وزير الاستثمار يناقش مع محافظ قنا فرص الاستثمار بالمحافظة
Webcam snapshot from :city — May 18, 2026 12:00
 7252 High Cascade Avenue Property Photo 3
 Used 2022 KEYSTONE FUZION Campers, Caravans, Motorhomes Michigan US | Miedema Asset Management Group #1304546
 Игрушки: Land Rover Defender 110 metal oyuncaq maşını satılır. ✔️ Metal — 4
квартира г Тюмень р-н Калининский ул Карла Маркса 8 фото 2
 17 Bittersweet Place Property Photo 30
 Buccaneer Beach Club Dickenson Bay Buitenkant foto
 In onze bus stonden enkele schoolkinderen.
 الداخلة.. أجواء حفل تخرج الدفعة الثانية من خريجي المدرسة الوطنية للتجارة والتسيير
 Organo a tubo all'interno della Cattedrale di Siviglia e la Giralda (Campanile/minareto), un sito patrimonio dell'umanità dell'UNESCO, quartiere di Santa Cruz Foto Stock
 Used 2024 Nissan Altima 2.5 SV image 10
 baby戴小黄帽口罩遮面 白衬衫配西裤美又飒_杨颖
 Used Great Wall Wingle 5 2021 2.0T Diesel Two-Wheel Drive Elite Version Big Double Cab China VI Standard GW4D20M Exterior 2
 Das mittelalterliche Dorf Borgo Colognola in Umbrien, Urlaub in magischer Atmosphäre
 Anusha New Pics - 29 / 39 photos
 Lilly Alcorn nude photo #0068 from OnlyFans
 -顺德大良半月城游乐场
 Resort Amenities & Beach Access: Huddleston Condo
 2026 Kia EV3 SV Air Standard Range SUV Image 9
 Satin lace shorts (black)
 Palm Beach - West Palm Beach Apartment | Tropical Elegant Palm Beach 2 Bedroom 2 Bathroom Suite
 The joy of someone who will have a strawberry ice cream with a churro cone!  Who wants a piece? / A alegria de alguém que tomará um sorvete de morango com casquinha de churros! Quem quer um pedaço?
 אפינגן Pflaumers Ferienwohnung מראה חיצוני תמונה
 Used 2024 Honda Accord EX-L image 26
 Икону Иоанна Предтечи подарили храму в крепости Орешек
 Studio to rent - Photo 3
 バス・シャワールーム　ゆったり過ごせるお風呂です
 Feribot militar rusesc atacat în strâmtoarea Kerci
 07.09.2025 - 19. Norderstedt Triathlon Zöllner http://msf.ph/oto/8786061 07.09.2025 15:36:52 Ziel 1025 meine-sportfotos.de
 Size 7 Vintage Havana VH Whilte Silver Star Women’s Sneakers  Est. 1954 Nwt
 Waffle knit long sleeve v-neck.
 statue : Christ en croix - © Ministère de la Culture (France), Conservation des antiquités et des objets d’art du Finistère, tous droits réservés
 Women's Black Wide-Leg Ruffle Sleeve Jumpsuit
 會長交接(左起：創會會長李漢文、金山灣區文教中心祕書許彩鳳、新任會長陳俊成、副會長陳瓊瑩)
---
What to do →
In full and verbatim, transcribe the data.

Answer section →
وزير الاستثمار يناقش مع محافظ قنا فرص الاستثمار بالمحافظة
Webcam snapshot from :city — May 18, 2026 12:00
 7252 High Cascade Avenue Property Photo 3
 Used 2022 KEYSTONE FUZION Campers, Caravans, Motorhomes Michigan US | Miedema Asset Management Group #1304546
 Игрушки: Land Rover Defender 110 metal oyuncaq maşını satılır. ✔️ Metal — 4
квартира г Тюмень р-н Калининский ул Карла Маркса 8 фото 2
 17 Bittersweet Place Property Photo 30
 Buccaneer Beach Club Dickenson Bay Buitenkant foto
 In onze bus stonden enkele schoolkinderen.
 الداخلة.. أجواء حفل تخرج الدفعة الثانية من خريجي المدرسة الوطنية للتجارة والتسيير
 Organo a tubo all'interno della Cattedrale di Siviglia e la Giralda (Campanile/minareto), un sito patrimonio dell'umanità dell'UNESCO, quartiere di Santa Cruz Foto Stock
 Used 2024 Nissan Altima 2.5 SV image 10
 baby戴小黄帽口罩遮面 白衬衫配西裤美又飒_杨颖
 Used Great Wall Wingle 5 2021 2.0T Diesel Two-Wheel Drive Elite Version Big Double Cab China VI Standard GW4D20M Exterior 2
 Das mittelalterliche Dorf Borgo Colognola in Umbrien, Urlaub in magischer Atmosphäre
 Anusha New Pics - 29 / 39 photos
 Lilly Alcorn nude photo #0068 from OnlyFans
 -顺德大良半月城游乐场
 Resort Amenities & Beach Access: Huddleston Condo
 2026 Kia EV3 SV Air Standard Range SUV Image 9
 Satin lace shorts (black)
 Palm Beach - West Palm Beach Apartment | Tropical Elegant Palm Beach 2 Bedroom 2 Bathroom Suite
 The joy of someone who will have a strawberry ice cream with a churro cone!  Who wants a piece? / A alegria de alguém que tomará um sorvete de morango com casquinha de churros! Quem quer um pedaço?
 אפינגן Pflaumers Ferienwohnung מראה חיצוני תמונה
 Used 2024 Honda Accord EX-L image 26
 Икону Иоанна Предтечи подарили храму в крепости Орешек
 Studio to rent - Photo 3
 バス・シャワールーム　ゆったり過ごせるお風呂です
 Feribot militar rusesc atacat în strâmtoarea Kerci
 07.09.2025 - 19. Norderstedt Triathlon Zöllner http://msf.ph/oto/8786061 07.09.2025 15:36:52 Ziel 1025 meine-sportfotos.de
 Size 7 Vintage Havana VH Whilte Silver Star Women’s Sneakers  Est. 1954 Nwt
 Waffle knit long sleeve v-neck.
 statue : Christ en croix - © Ministère de la Culture (France), Conservation des antiquités et des objets d’art du Finistère, tous droits réservés
 Women's Black Wide-Leg Ruffle Sleeve Jumpsuit
 會長交接(左起：創會會長李漢文、金山灣區文教中心祕書許彩鳳、新任會長陳俊成、副會長陳瓊瑩)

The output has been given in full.